テーマは“聞こえない音”。ヒトの可聴域は20ヘルツから2万ヘルツとされるが、個人差が大きく、可聴域内でも聞こえなかったり、可聴域外でも聞こえたりする場合がある。いま“聞こえない音”の最新技術が、情報セキュリティ、エンターテインメント、災害予知などさまざまな分野に活用され始めた。一方で、多くの人には聞こえないがゆえに、これまで見過ごされてきた音の課題も浮かび上がる。知られざる「音の最前線」に迫る。
サイエンスZERO〜放送日と出演者
【放送日】2020年4月12日
【司 会】小島瑠璃子、森田洋平
【ゲスト】長岡工業高等専門学校准教授…矢野昌平,神奈川工科大学准教授…上田麻理
【語 り】利根川真也
【放 送】 毎週日曜 [Eテレ] 午後11時30分~0時
【再放送】 翌週土曜 [Eテレ] 午前11時~11時30分
音の分類はどうなってる?聞こえる音と聞こえない音、さらにヒトと動物での違いは?
“聞こえない音”っていうのはどんな音?
耳に聞こえる音を可聴音といい、このときの周波数の範囲(可聴域という)はヒトの場合で20~20,000ヘルツ(Hz)といわれています。音というのは空気の振動によって伝わるもの。20Hzの周波数の音というのは、空気が1秒間に20回振動している音ということ。20,000Hzは20,000回ということです。周波数の数字が大きいほど高い音に聞こえるんです。

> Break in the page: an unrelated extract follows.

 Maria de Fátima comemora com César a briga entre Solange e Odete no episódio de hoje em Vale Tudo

ヒトに「聞こえない音」とは、20,000ヘルツより高い周波数の超音波と、20ヘルツより低い周波数の超低周波音に分類できます。可視光、紫外線、赤外線といった光の分類と似たところがありますね。
動物ごとの可聴域の比較
では聞こえる音の周波数帯はどうなっているんでしょうか?
ヒト 20 〜 20,000Hz
象 5 〜 12,000Hz
犬 15 〜 50,000Hz
猫 60 〜 65,000Hz
イルカ 150 〜 150,000Hz
一般的にはこのように表現されていますけど、小学生の子どもたちのなかには32,000Hzの高周波音を聞き分けちゃう子もいたりするので個人差があるようです。また、加齢により高い音が聴こえにくくなってくるんです。たしかに・・・
サイエンスZEROでご紹介!“聞こえない音”の最新技術!
詳しく解説してくれたのはゲストの矢野さん。矢野さんも長岡工業高等専門学校で“聞こえない音”を利用した新しいシステムを開発しているとのこと。

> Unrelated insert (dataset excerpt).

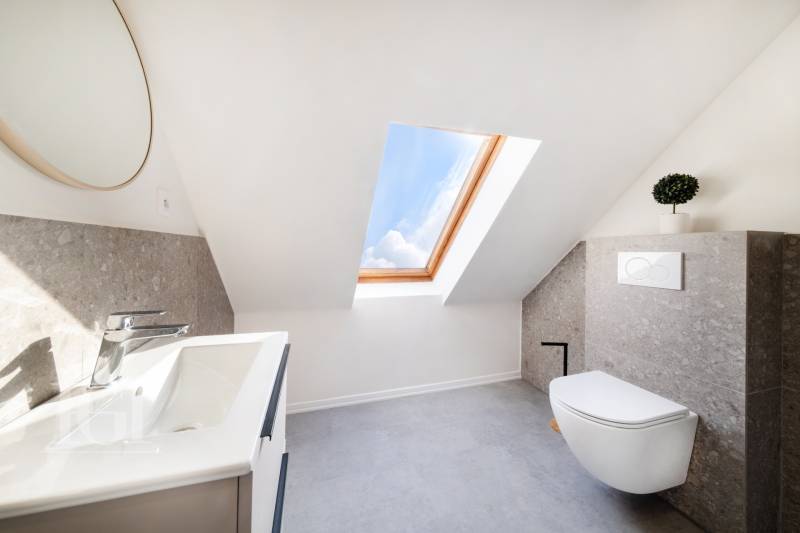  REZERVOVANY-PRENAJOM | NOVÝ 2 i. podkrovný byt v novostavbe - Svetlá kúpeľňa v podkroví s umývadlom, toaletou a strešným oknom v 2-izbovom byte.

“聞こえない音”の最新技術!情報セキュリティー分野への活用!耳音響認証でプライバシーを守る!
スマホのセキュリティーの仕組みに、顔認証や指紋認証があります。皆さんも毎日当たり前のように利用していますよね。顔や指紋が個人特有であることから、それを個人認証の鍵として利用しているんですね。同じように、耳の中の形も個人個人違うんだとか。矢野さんはこの耳の特徴を利用した耳音響認証システムを開発しています。
まずイヤホンを装着します。イヤホンからは認証のための特殊な音波が発せられ、この音の反響音を捉えるんだとか。耳の形の違いによって、この反響音が人それぞれ違うものになることを利用して認証者を選別できるんだそう。研究を始めてまだ3年にも関わらず、99%の精度を実現しているなんて、目の付け所が素晴らしい研究なんでしょうね。
驚異的だったのが、双子ちゃんを使った実験です。顔認証はまったく役に立ちませんが、耳認証だと選別できるんですよ!ただ、まだ課題があることも事実で、耳の形も双子ちゃんは似ているらしく選別できる打率は2割ほど。5回中4回まで見破れなかったらしいです。精度99%ではまだまだ足らないということなんでしょうね。今後の進化に期待したい技術です。
“聞こえない音”の最新技術!ライブエンターテイメント分野への活用!字幕メガネ!
すでに劇団四季の舞台で実用されているシステムです。舞台役者のセリフが字幕でメガネに表示されるシステム。舞台のシーンに合わせて字幕が表示され、外国人や聴覚障害者の方への利用が進められているそうです。
こちらの映像は、実際にメガネをかけたとき、どんなふうに表示されるかわかりやすいですね。
#字幕グラス #劇団四季【ABCニュース】
セリフや字幕が空中に 劇団四季が多言語「字幕メガネ」サービス開始 https://t.co/InqSAHlZDI— 政所ぴぴ@観劇blogger (@pipitan_pipipip) November 27, 2019
シーンに応じた字幕切り替えに18,000〜20,000Hzの高い音が利用されているんだとか。この高い音を字幕メガネのマイクが拾うことで画面切り替えのスイッチになってんだって。スイッチとして音を使うという発想は良いことずくめらしい。既存設備のスピーカーがそのまま使えるんで設備投資いらないとか、電波みたいに混線しないとか。考えた人アッタマ良いですよね。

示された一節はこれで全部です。